Hacia el final de la Segunda Guerra Mundial, cuando se presagia el colapso el Imperio del Sol Naciente, en una aldea perdida en la montaña vive un cazador con sus dos hijos en condiciones muy precarias. La historia, narrada por el mayor de los hermanos en los albores de la adolescencia, se detona cuando un avión del enemigo es derribado cerca de la aldea y el único sobreviviente, un soldado negro, es capturado por los campesinos. Oé enfoca la historia hacia la pérdida de la inocencia y la muerte de la sociedad conocida hasta entonces. La transmutación del soldado, de ser visto como un animal por los niños hasta tornarse en una nueva deidad, que luego cae en desgracia al oponer resistencia a su traslado. La tragedia, apegada a los cánones griegos, finaliza con la mutilación del muchacho y la muerte de los únicos adultos con quienes se ha relacionado el protagonista anónimo. Huérfano de ídolos, curtido por el dolor que ocasionan las muertes violentas y la destrucción del propio cuerpo, el muchacho afirma: “Yo ya no formaba parte de la comunidad infantil: ésta era la idea que ahora me invadía […] esa clase de relaciones con el mundo ya no tenía nada que ver conmigo”.

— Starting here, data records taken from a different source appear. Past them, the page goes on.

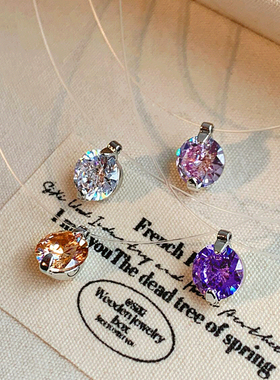 隐形鱼线项链锆石单钻无痕锁骨链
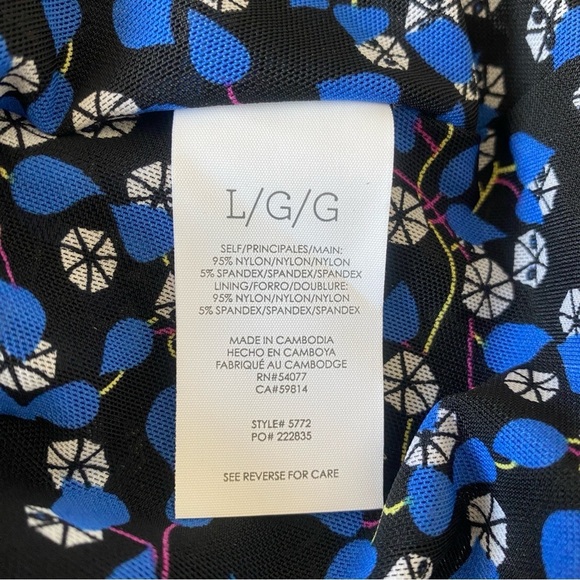 CAbi The Ten Dress Womens Large V-Neck Blue Floral Long Sleeve Lined #5772 - Picture 8 of 10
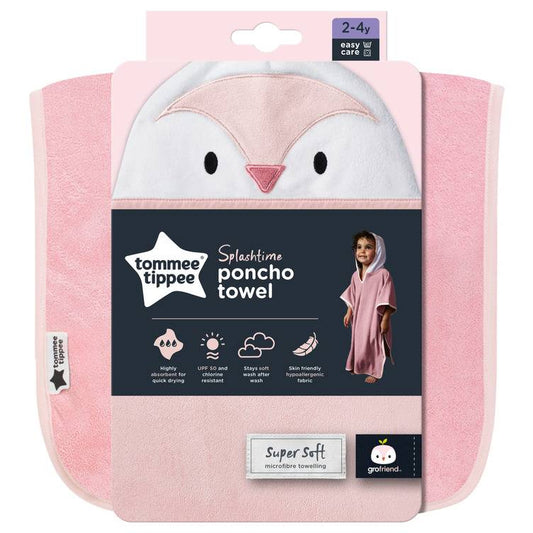 Tommee Tippee Splashtime Hooded Poncho Towel, 2-4 Years, Pink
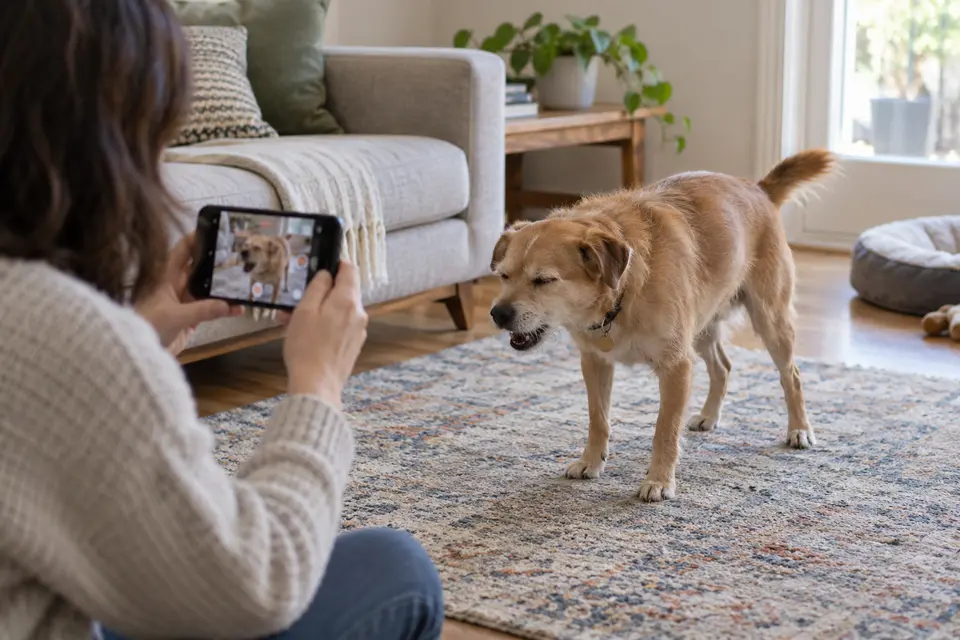 AI-generated editorial scene: An owner records a resting dog's spontaneous cough from a respectful distance. Not a tested product or patient case.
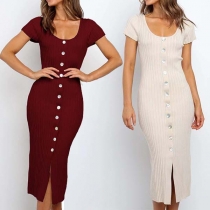 Fashion Short Sleeve Round Neck Slit Hem Front-button Dress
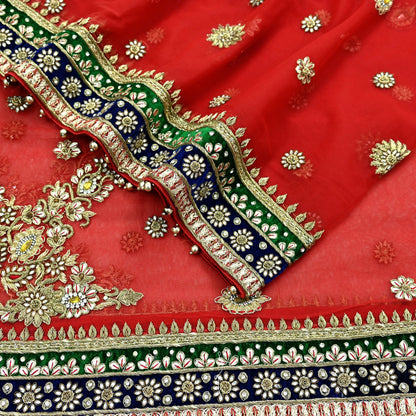 Indian Vintage Heavy Bridal Red Dupatta Net Mesh Long Stole Hand Embroidered Scarves Golden Zardozi Dabka Zari Sequins Wedding Veil Hijab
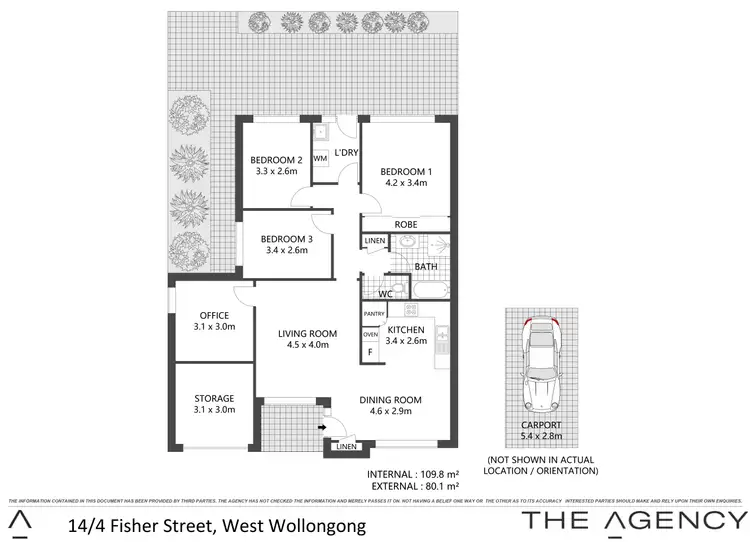 Floorplan of Homely villa listing, 14/4 Fisher Street, West Wollongong NSW 2500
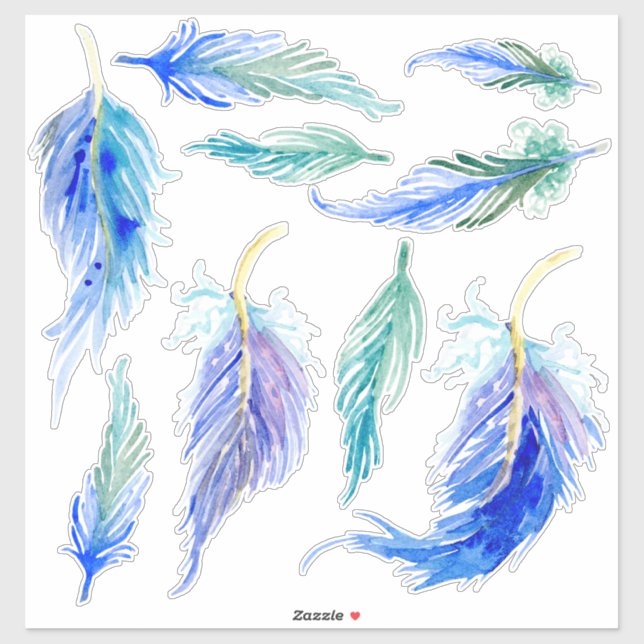Watercolor Colourful Feather Aqua Blue Purple Gree (Sheet)
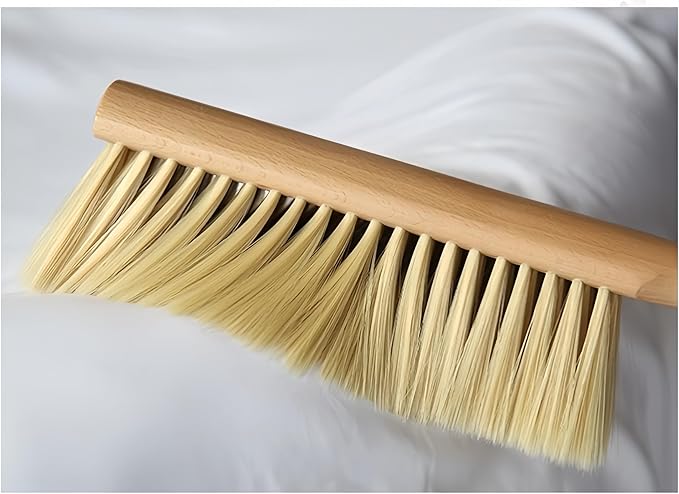 Soft Bristle Hand Brush Wooden Handle for Woodworking Shop Bench, Sawdust Removal Non-Scratch 14 Inch Long (2pcs Yellow)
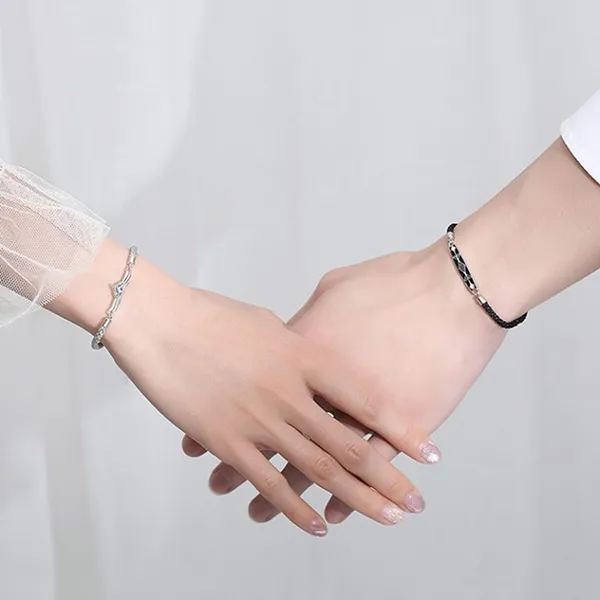 Vòng Đeo Tay Đôi LiLi Jewelry Đính Đá CZ Charles Lili_464255 Màu Xám/Đen - Trang sức - Vua Hàng Hiệu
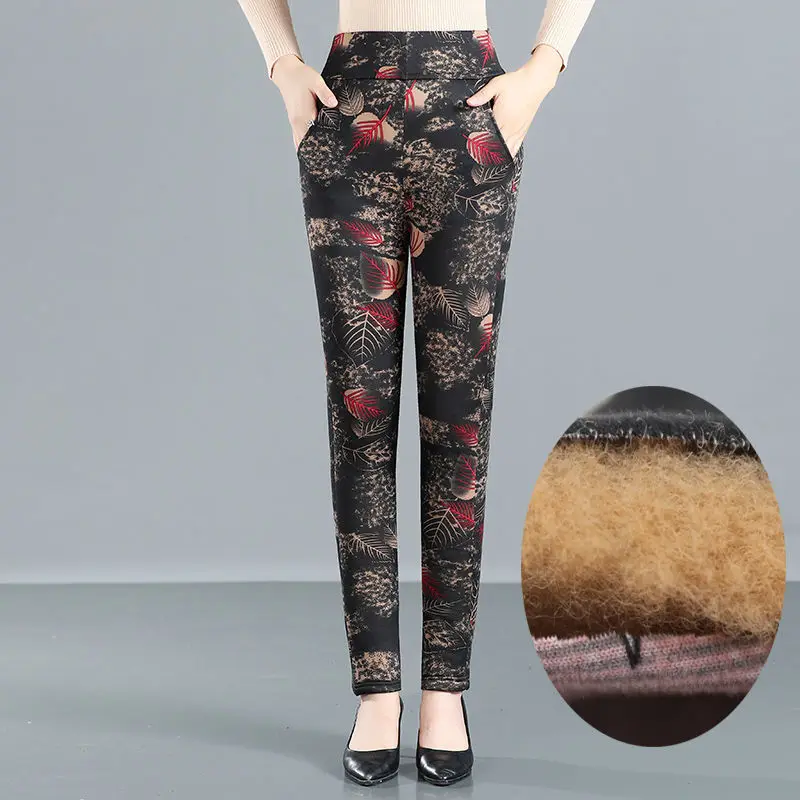 

2021 Women Autumn Winter New High-waisted Cotton Trousers Female Plus Velvet Leggings Ladies Mother Warm Printed Pants E471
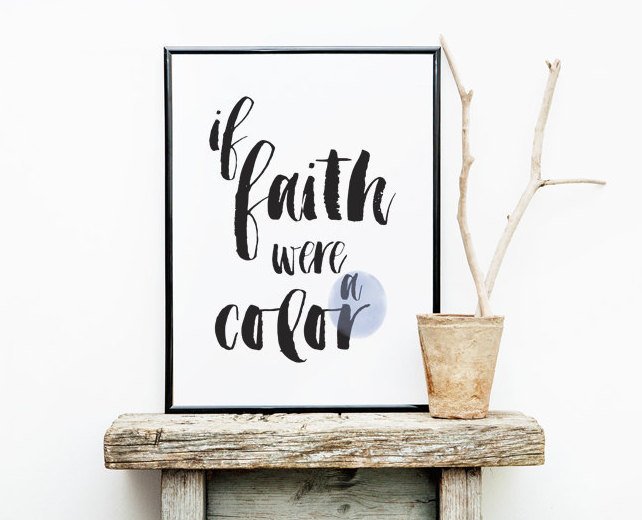 PaperRelish's tweet image. Scandinavian Design Poster, Printable Word Art, If Faith Were a Co… etsy.me/1I3ucOy #Etsy #AbstractPrintable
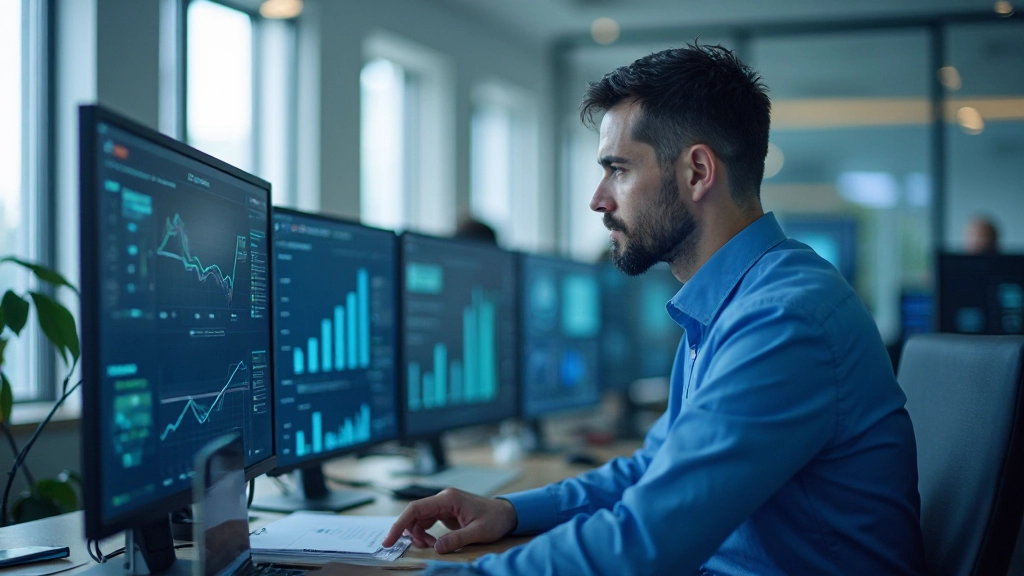 Профессиональный аналитик, работающий с дашбордом KPI на компьютере в современном офисе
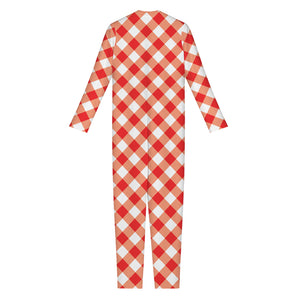 Lava Red And White Gingham Print Jumpsuit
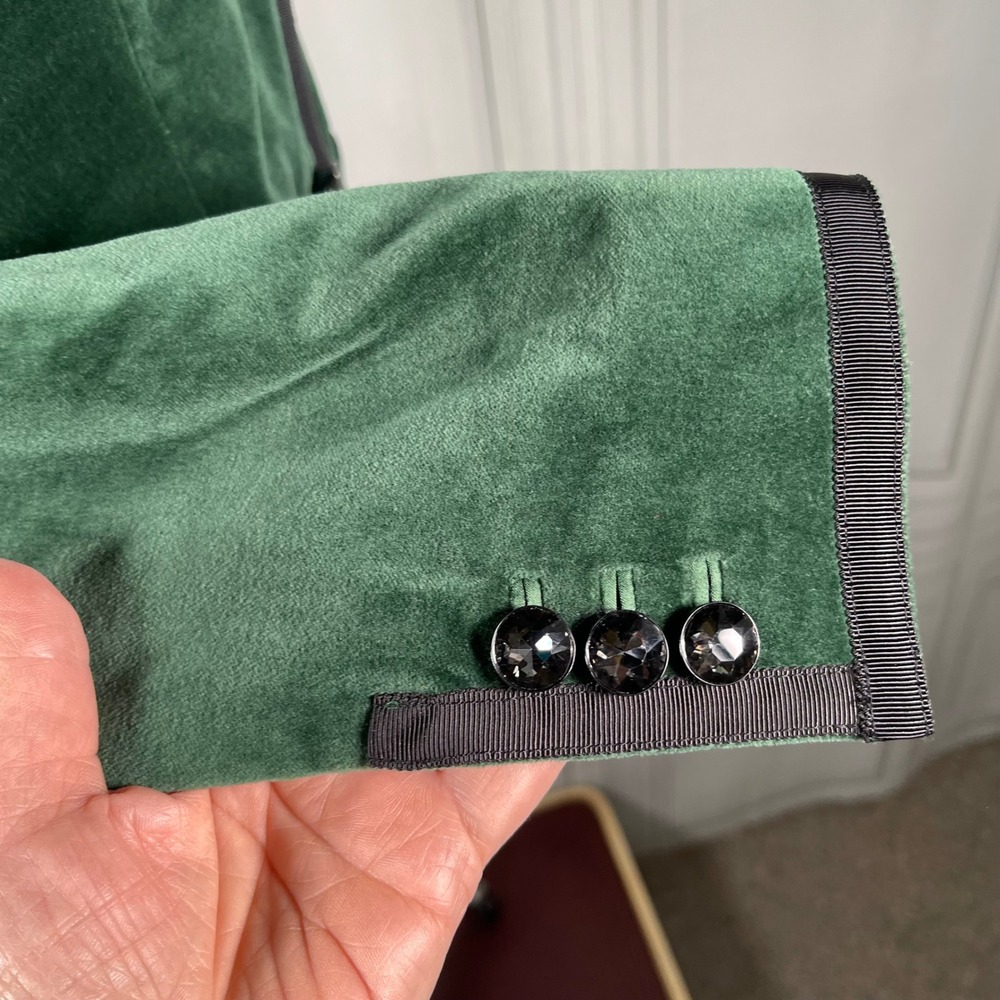 Kate Spade Green Velvet Blazer‎ - Grosgrain Trim & Jewel Buttons - Size 00 - Picture 5 of 16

Oé, nacido en 1935, vive su infancia y adolescencia en ese Japón roto que se levanta nuevamente. La presa es publicada cuando tiene 22 años. Además de las alusiones sexuales de Morro de Liebre, su amigo, y del soldado, sobrecoge la visión pesimista y las descripciones descarnadas. La madurez se asienta en una de las frases finales: “[…] lo que se lee en la cara de un muerto, unas veces la melancolía y otras el esbozo de una sonrisa, había llegado a resultarme tan familiar como a los adultos de la aldea”.

Muchos echaron en falta las disculpas de Obama al pueblo japonés por haber soltado la bomba. “Los países no se disculpan”, adujo luego en una entrevista. La literatura es un excelente lenitivo para el dolor ocasionado por las esperas infructuosas. Oé lo sabe muy bien.